Provided data –

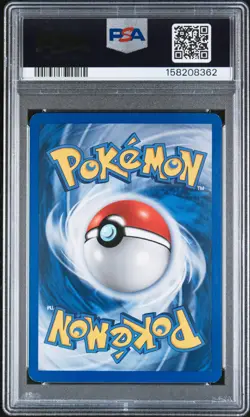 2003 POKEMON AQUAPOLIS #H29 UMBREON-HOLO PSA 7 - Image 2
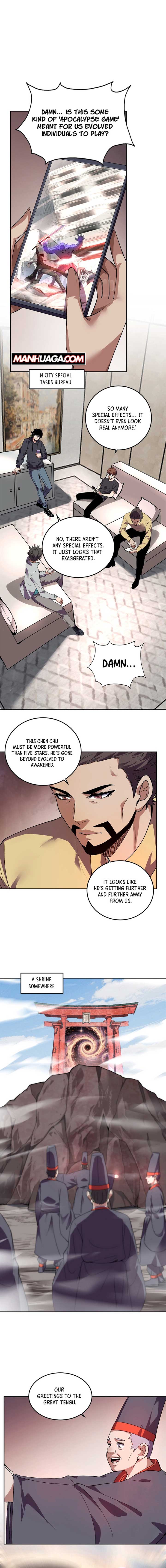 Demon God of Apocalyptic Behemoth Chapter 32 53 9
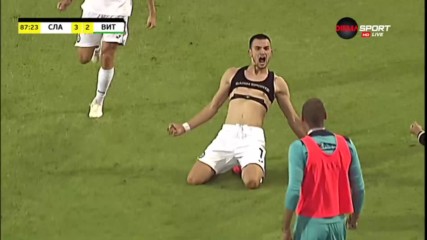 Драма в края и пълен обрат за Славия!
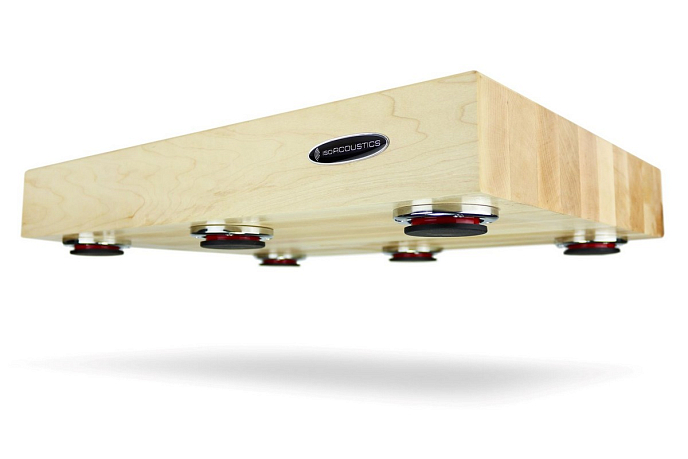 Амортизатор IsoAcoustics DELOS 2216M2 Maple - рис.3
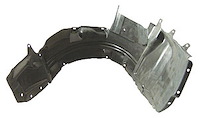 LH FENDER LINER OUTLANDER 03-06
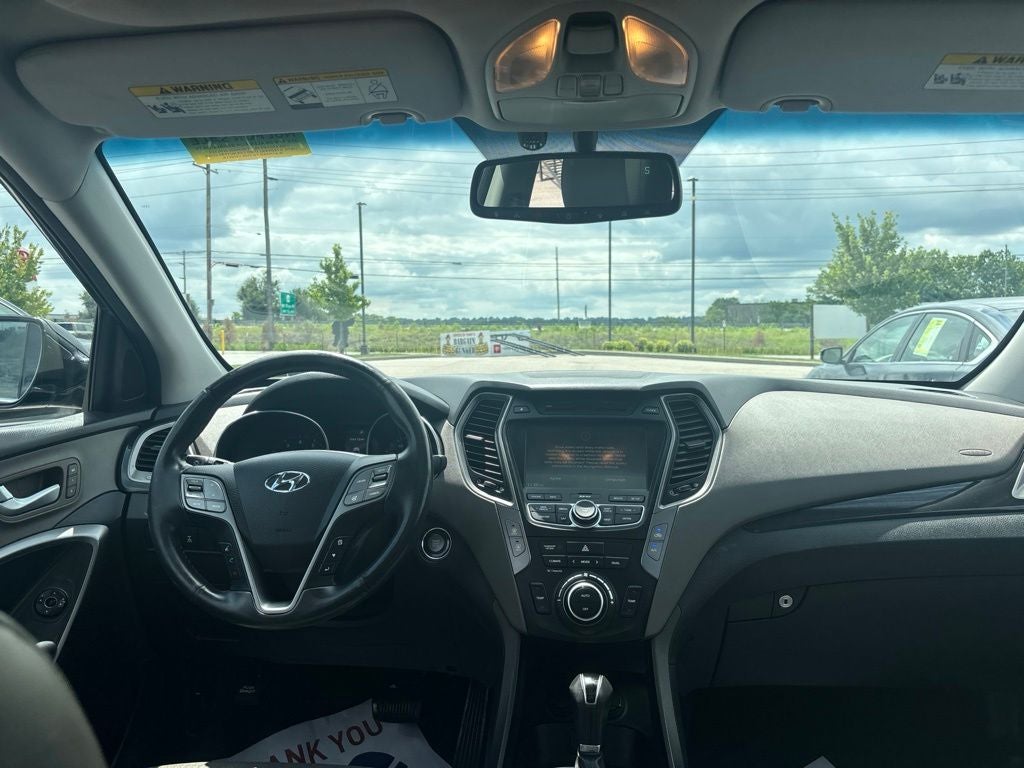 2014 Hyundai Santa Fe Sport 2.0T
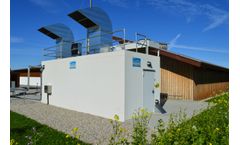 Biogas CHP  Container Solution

Exercise details –
Take the line that contains "LH FENDER LINER OUTLANDER 03-06" and all lines after it to the end of the material above, and copy them verbatim without any images.

Final answer –
 LH FENDER LINER OUTLANDER 03-06
 2014 Hyundai Santa Fe Sport 2.0T
 Biogas CHP  Container Solution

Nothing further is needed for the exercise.